RAW DATA:
┄┄┄┄┄┄

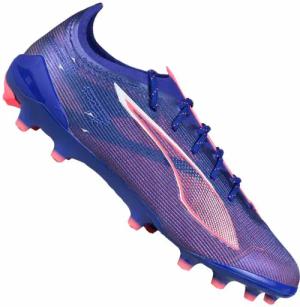 PUMA Ultra 5 Ultimate AG Herren Fußballschuhe 108089-01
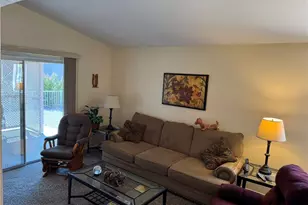 41030 Inverness Cir, Cherry Valley, CA 92223 - Photo 10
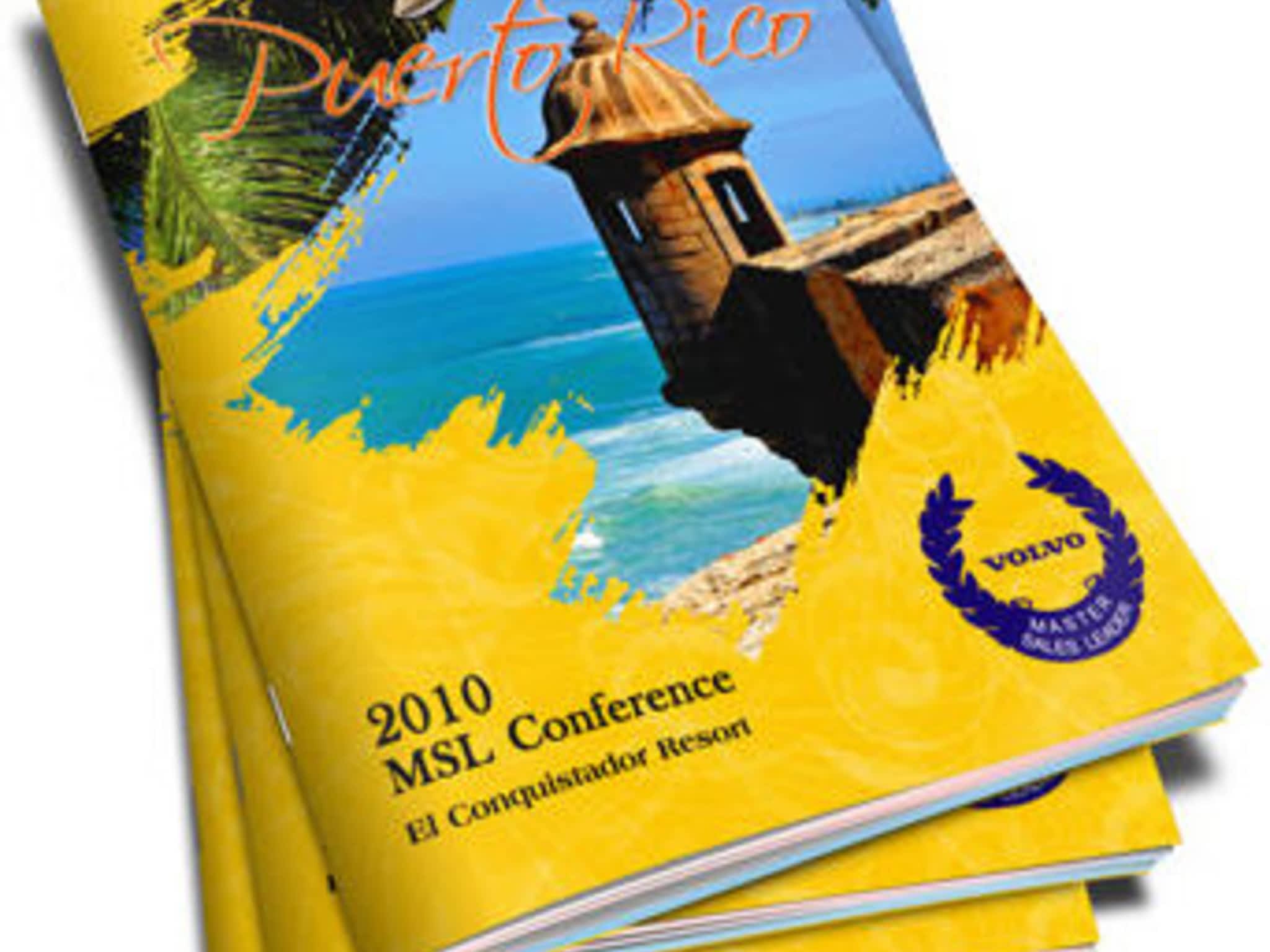 photo A & A Associates Printing A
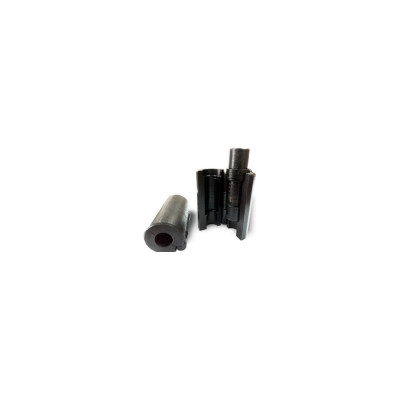 Вальцеватель для трубы Lavita HF18 W18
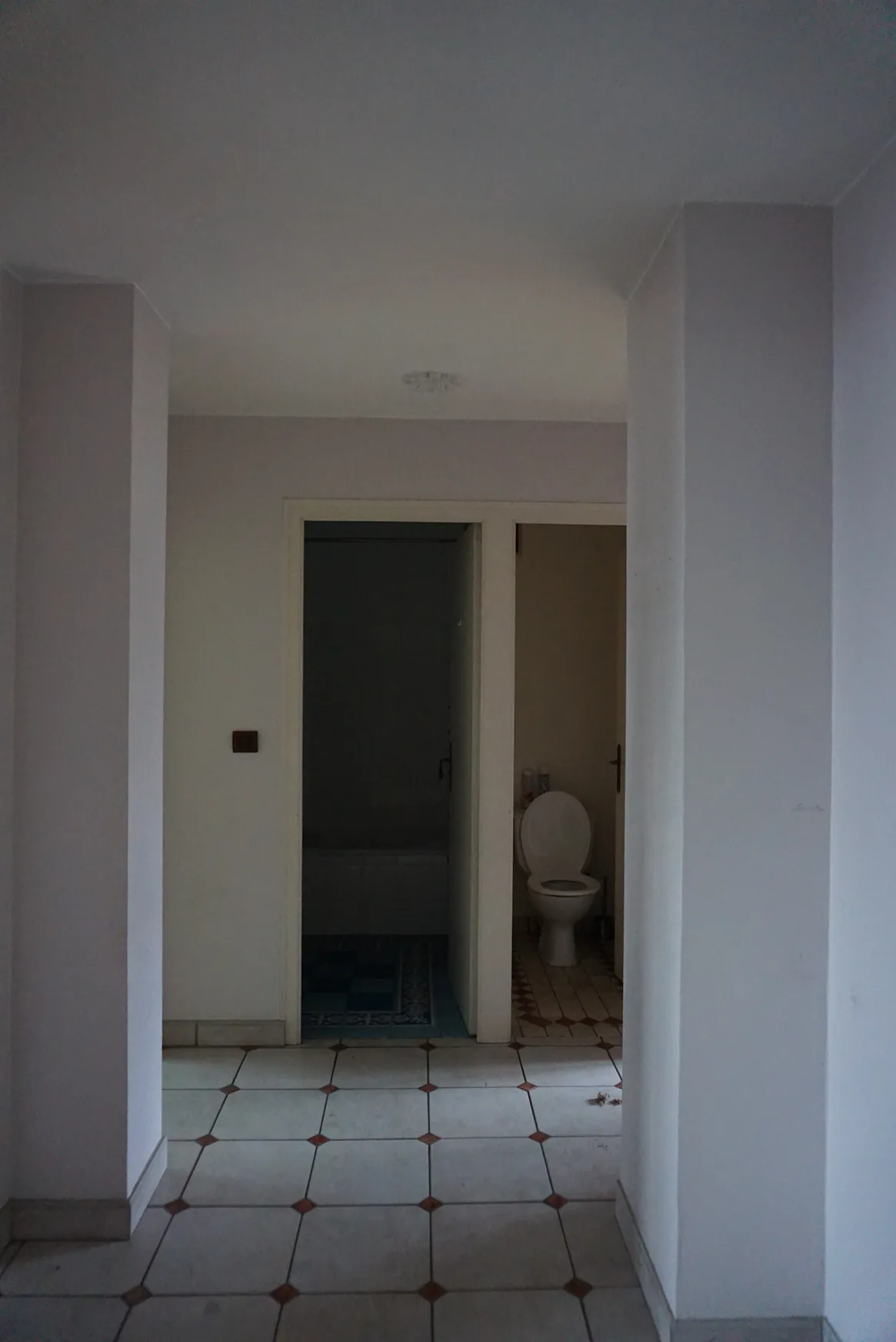 Appartement CoCa. à Annecy par Céline Commaille Architecte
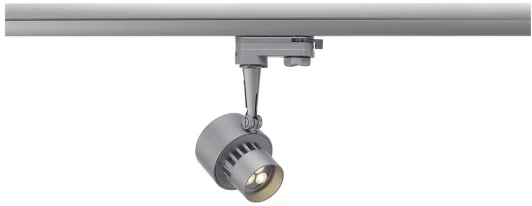 152504 Трековый светильник Slv Trackspot 152504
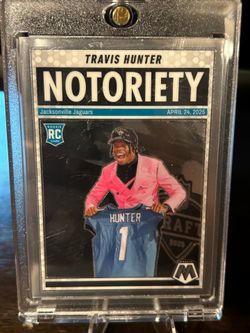 NEW NFL cards!!!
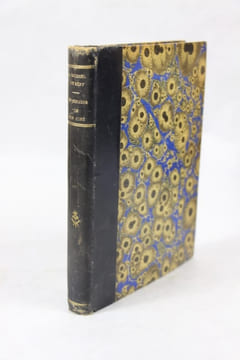 Les sermons de mon curé. Satires dédiées à MM. les curés.. Roussel (Auguste, dit Roussel De Méry)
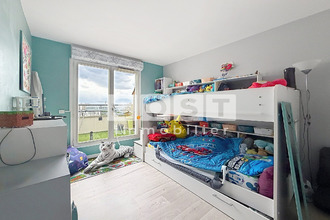 achat appartement courbevoie 92400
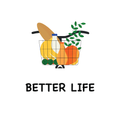 Better life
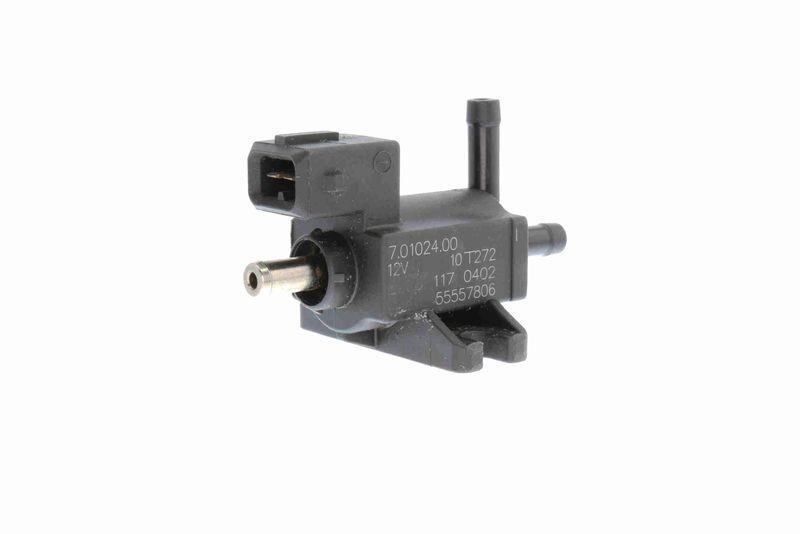 VEMO Boost Pressure Control Valve Original VEMO Quality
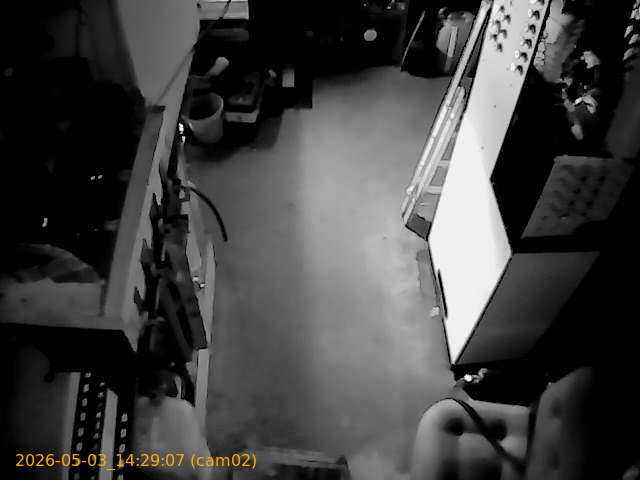 20260503142903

┄┄┄┄┄┄

YOUR TASK:
No pictures belong in the output. It should reproduce exactly the lines from the one containing "NEW NFL cards!!!" through the end of the data, both ends included.

THE COMPLETED TASK:
 NEW NFL cards!!!
 Les sermons de mon curé. Satires dédiées à MM. les curés.. Roussel (Auguste, dit Roussel De Méry)
 achat appartement courbevoie 92400
 Better life
 VEMO Boost Pressure Control Valve Original VEMO Quality
 20260503142903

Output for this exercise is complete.